Но за временным отрезвлением следовал обратный процесс, который Стендаль метко назвал кристаллизацией. Все ее признаки были налицо. По ночам Геня долго ворочался на койке, прислушиваясь к неясным звукам за отделанной пластиком стальной переборкой. Там, в точно такой же каюте, на такой же койке лежала она. И, наверное, тоже не могла заснуть, потому что огонек в ее иллюминаторе часто горел до рассвета.
Слоняясь по палубе, Геня, как завороженный, крутился возле светлого квадратика, бросавшего неяркий блик на клюзы, в которых сквозил беспросветный мрак. Узкая лампочка, зажженная над изголовьем, и беспокойное море вокруг. Что-то вечное чудилось в этом, безутешное и вместе с тем нестерпимо желанное.

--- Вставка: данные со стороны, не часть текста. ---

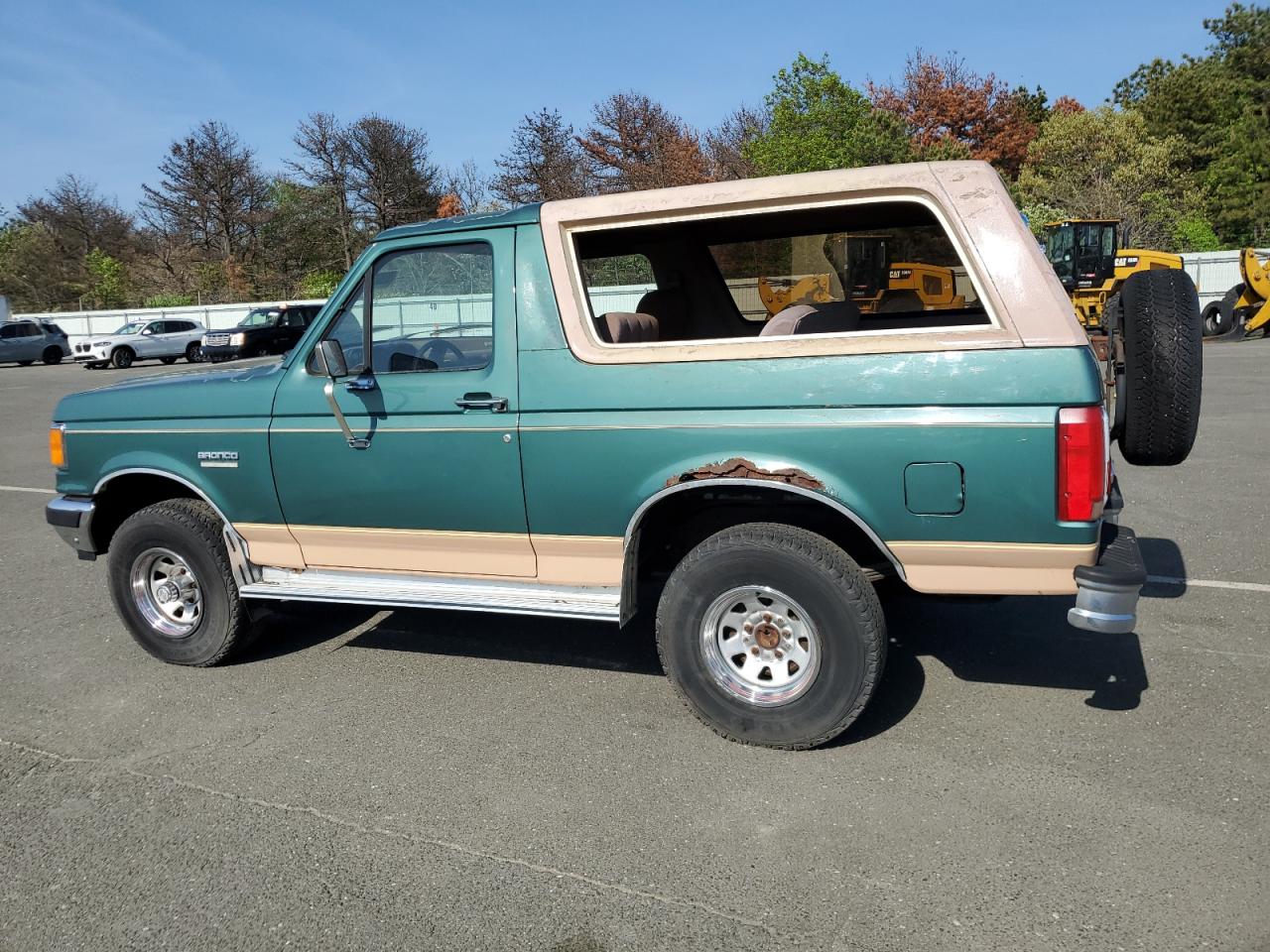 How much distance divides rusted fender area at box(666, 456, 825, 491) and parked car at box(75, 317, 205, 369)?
30997mm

Этой ночью Гене показалось, что в Тониной каюте есть кто-то посторонний. Вроде бы даже он узнал глуховатый воркующий голос Загораша. Конечно, мог и спутать, потому что несколькими минутами раньше застал деда за чертежами в мастерских. Впрочем, это туфта. Ведь и сам Геня тоже только что околачивался у станка, собираясь выточить кальмарницу, но раздумал, потому как расстроился из-за разговора с Петей. Так что вполне мог быть и Загораш. Много ли надо, чтобы взбежать на ют? Решив выяснить все раз и навсегда, Геня вернулся в машину, но деда там уже не было: ни в мастерских, ни в ЦПУ. Пришлось украдкой прильнуть ухом к зашторенному иллюминатору. Сквозь узкую щель явственно различался и мужской голос, и ее чуть хриплый, совершенно бесстыжий смех. Геня вконец приуныл, но не нашел в себе сил уйти с палубы. К счастью, в каюте хлопнула дверь и все стихло.